Is this method to check the continuity of multivariable functions correct?

Question

Consider $$f(x,y) =\begin{cases} \frac{\cos y\sin x}{x} & x\neq 0 \\ \cos y & x=0 . \end{cases}$$

Is $f$ continuous at $(0,0)$?

Method 1
$f(0,0) = 1.$
Also, $\lim_{(x,y)\to(0,0)} f({x,y})=1 = f(0,0).$ (Easy to calculate.)
Therefore, $f$ is continuous at $(0,0)$.

The problem I find with this method is that it didn't verify whether the limit exists or not at $(0,0)$. I did check $y=mx$ path to the point $(0,0)$, and it did give $1$ as the value of the limit.

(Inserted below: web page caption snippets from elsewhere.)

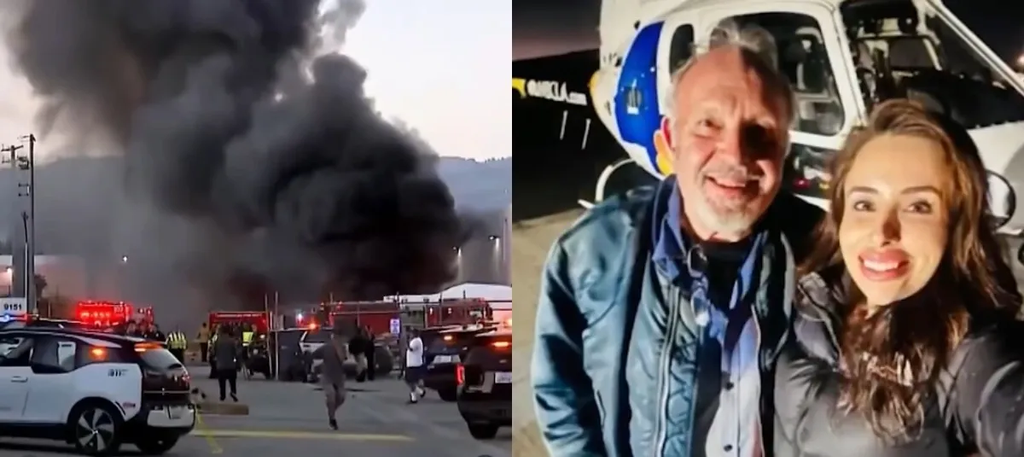 Mueren periodista y piloto de Telemundo 52 en accidente de helicóptero en Los Ángeles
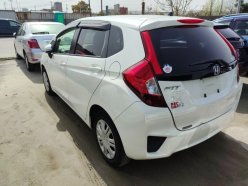 HONDA FIT 13G L Package 2014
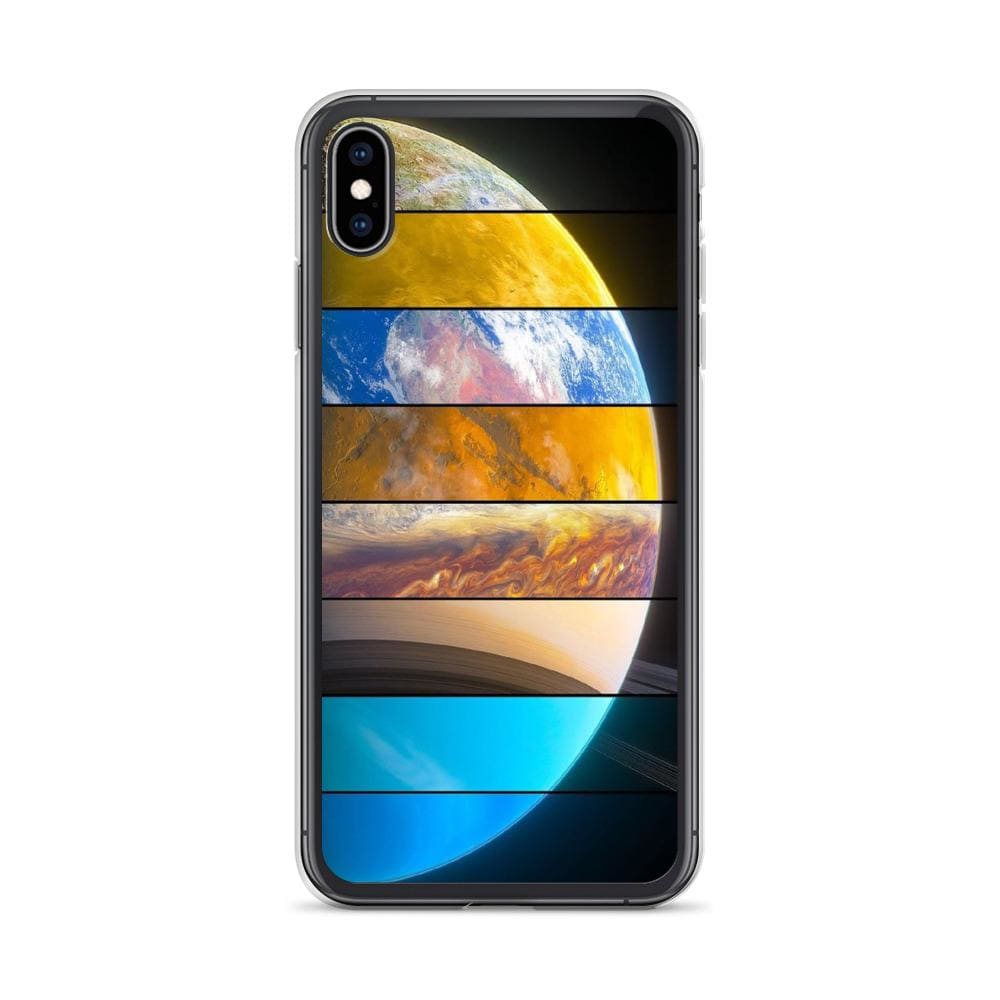 Coque iPhone Système Solaire iPhone XS Max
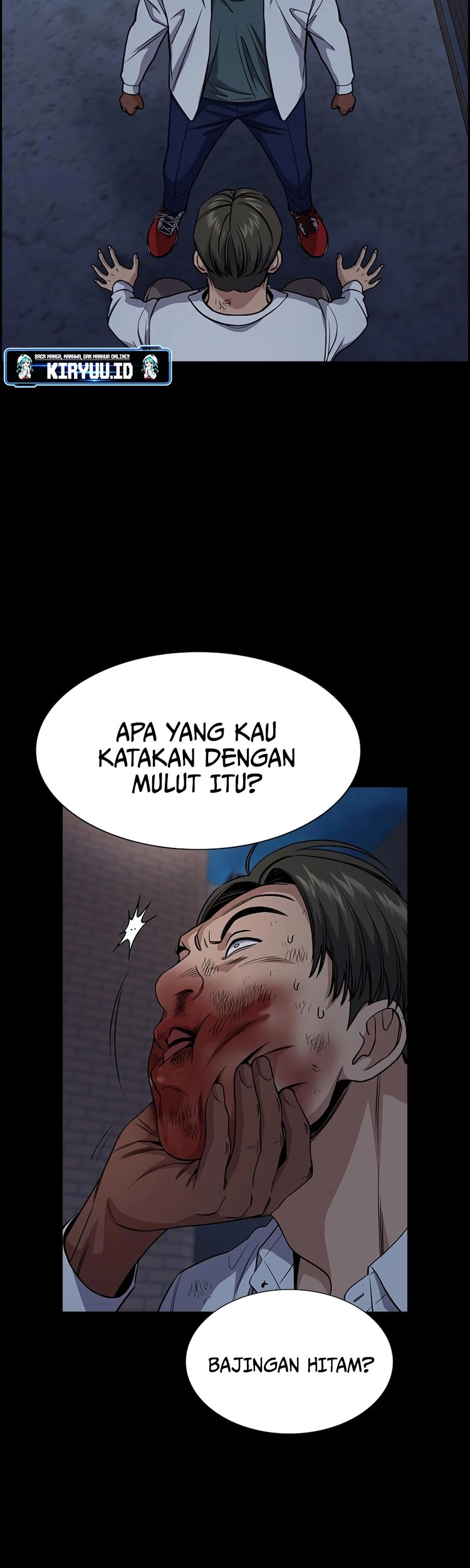 True Education chapter 125 halaman 19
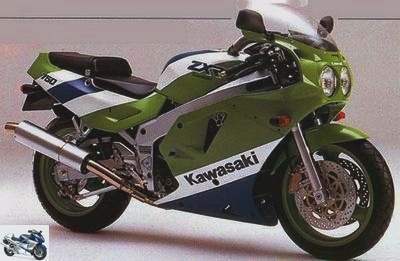 Kawasaki ZXR 750 STINGER H2 1990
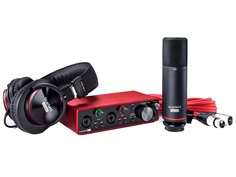 Аудиоинтерфейс Внешняя звуковая карта Focusrite Scarlett 2i2 Studio 3rd Gen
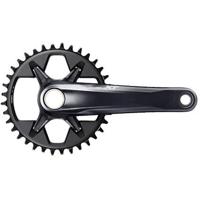 Shimano Crankstel Deore XT 12v 36T 175mm zwart OEM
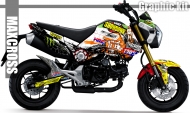 HONDA MSX125 2013-2015' DC-KENBLOCK STYLE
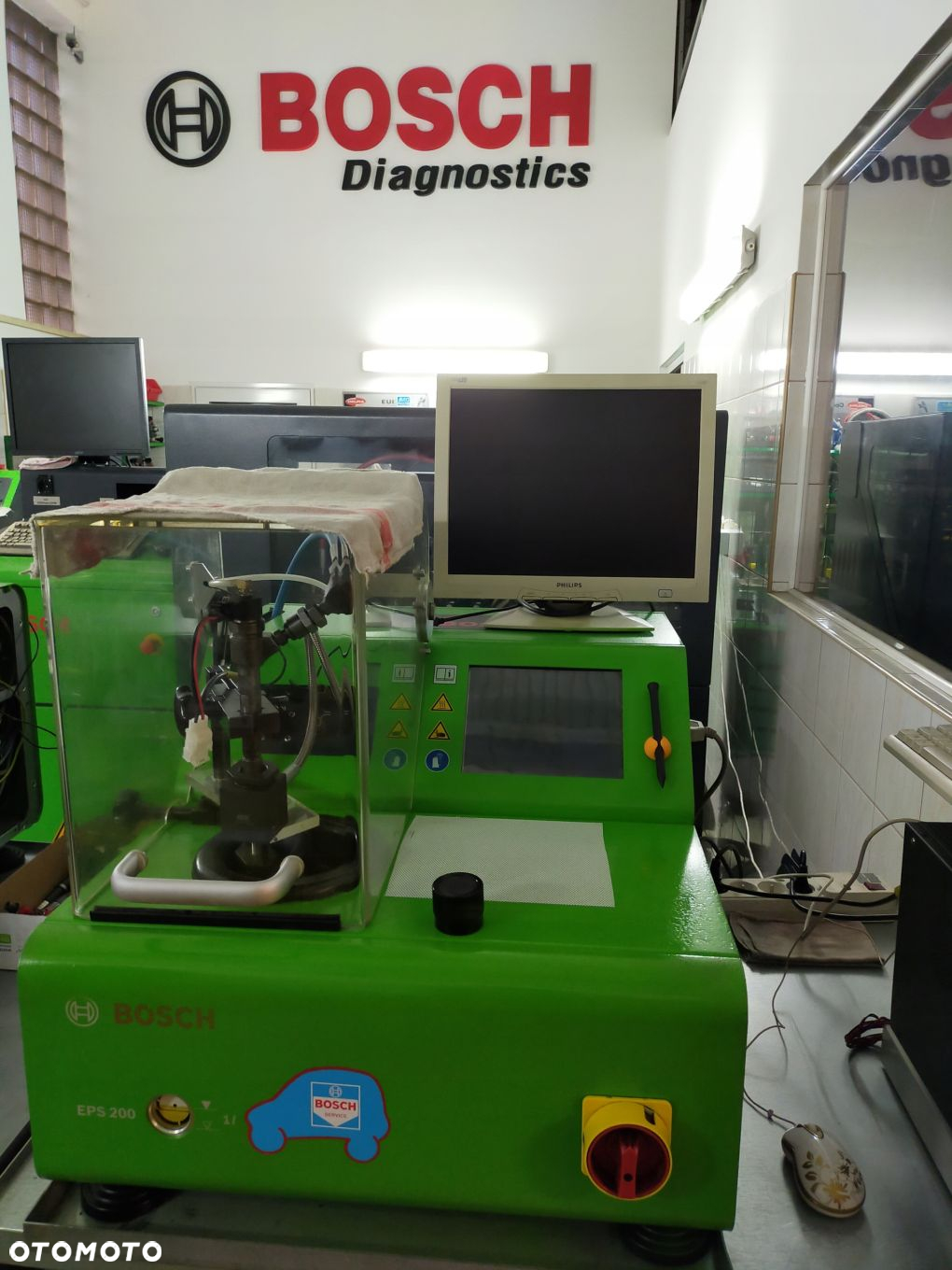 Eps 200 A tester wtryskiwaczy kodowanie wtryskiwaczy cena 29.000 pln brutto - 5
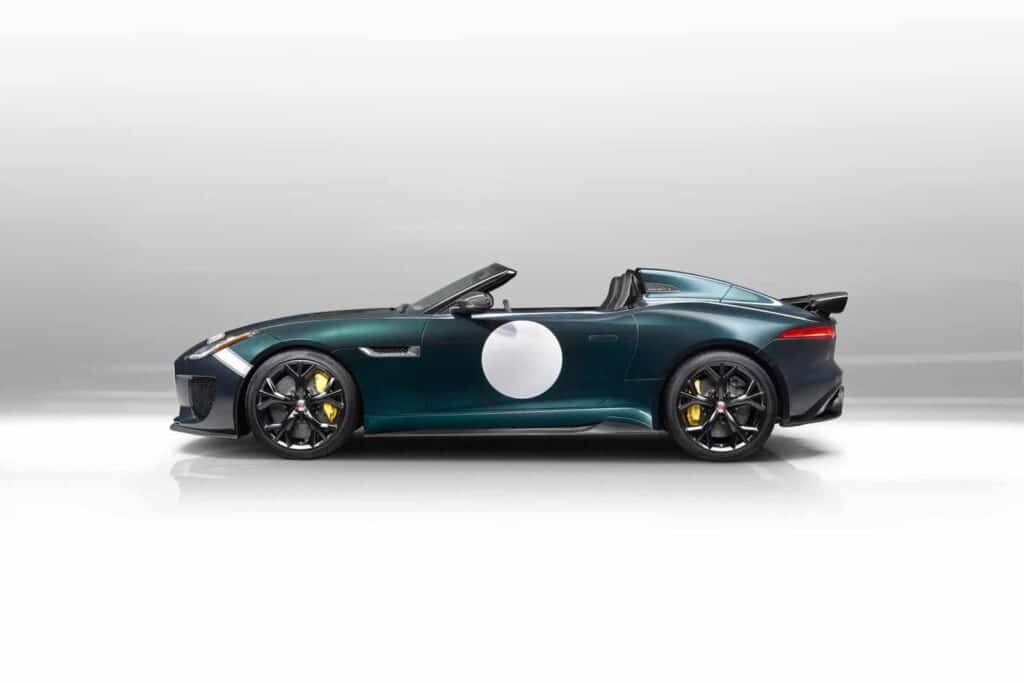 Jaguar F Type Project 7 2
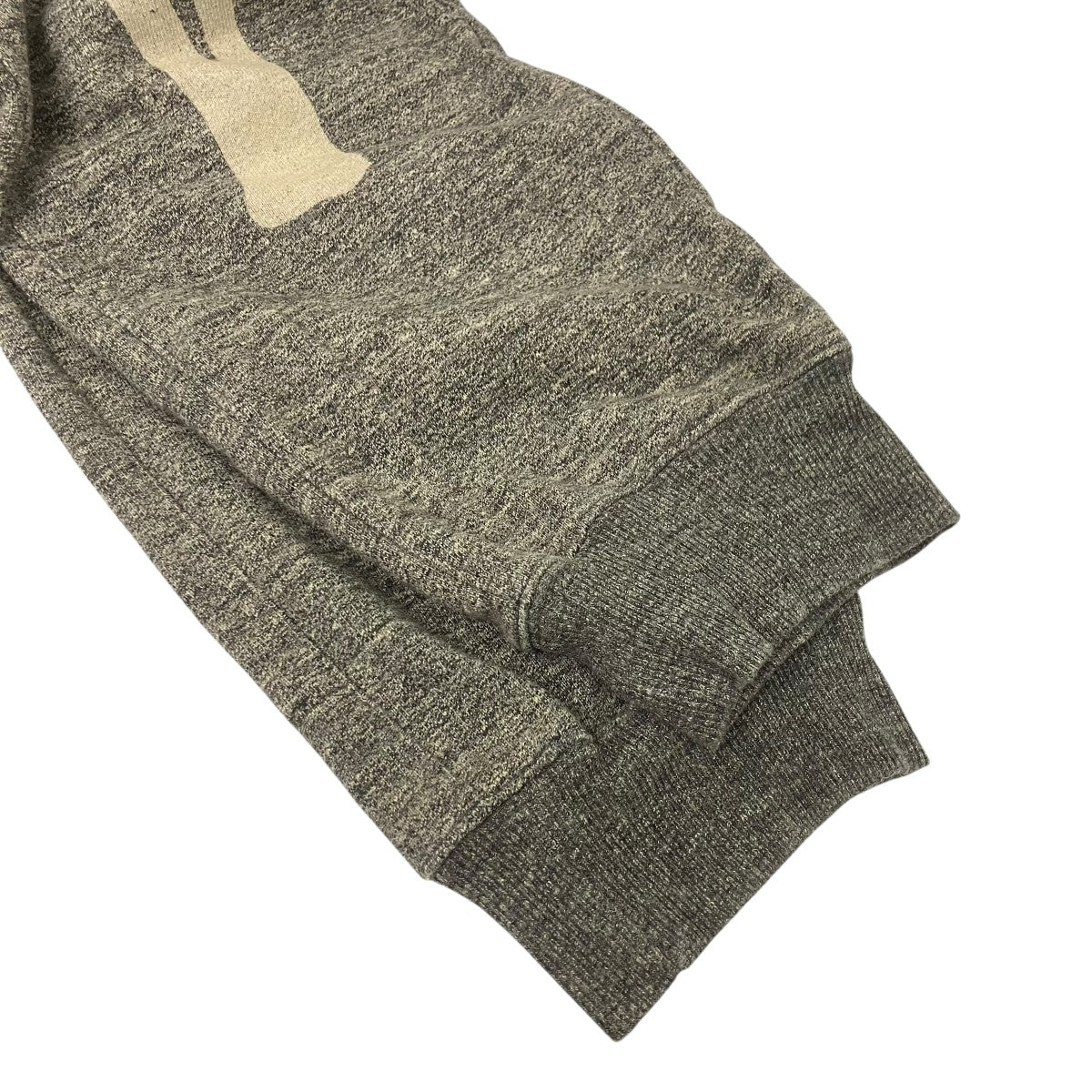 KAPITAL ボーンプリントスウェットロングパンツ 古着・中古-4枚目のアイテム画像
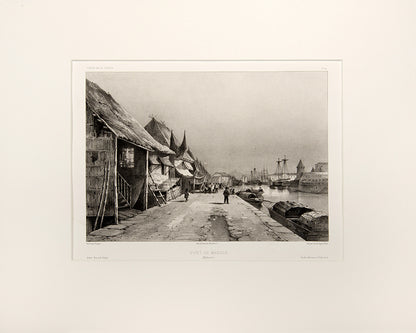 Port De Manille. Plate 49.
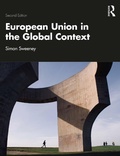 Cover: European Union in the Global Context - Routledge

But obviously, I cannot verify all the existing paths to $(0,0)$, so the only way to check the existence of the limit is (I think) to use the epsilon-delta definition of limit. But if I have to use the epsilon-delta definition of limit to check the existence of the given limit, then I could very well use the epsilon-delta definition of continuity to check whether the given function is continuous at $(0,0)$. Then there is no need to find the limit or check its existence. If that's the case, then isn't Method 1 incomplete and in a way redundant as well?

Answer 1

HINT:

The idea is to start from the $\epsilon-\delta$ definition of continuity. So you write $$f(x+\delta_1,y+\delta_2)-f(x,y)=[f(x+\delta_1,y+\delta_2)-f(x,y+\delta_2)]+[f(x,y+\delta_2)-f(x,y)]$$

Answer 2

I think that it is much easier to do it as follows. Consider the function$$\begin{array}{rccc}\varphi\colon&\Bbb R&\longrightarrow&\Bbb R\\&x&\mapsto&\begin{cases}\frac{\sin x}x&\text{ if }x\ne0\\1&\text{ if }x=0.\end{cases}\end{array}$$Then $\varphi$ is continuous. It is clear that it is continuous at every point other than $0$, and it is also continuous at $0$, since $\lim_{x\to0}\frac{\sin x}x=1$. But then $f(x,y)=\varphi(x)\cos(y)$. Then $f$ is continuous, since it is the product of two continuous functions.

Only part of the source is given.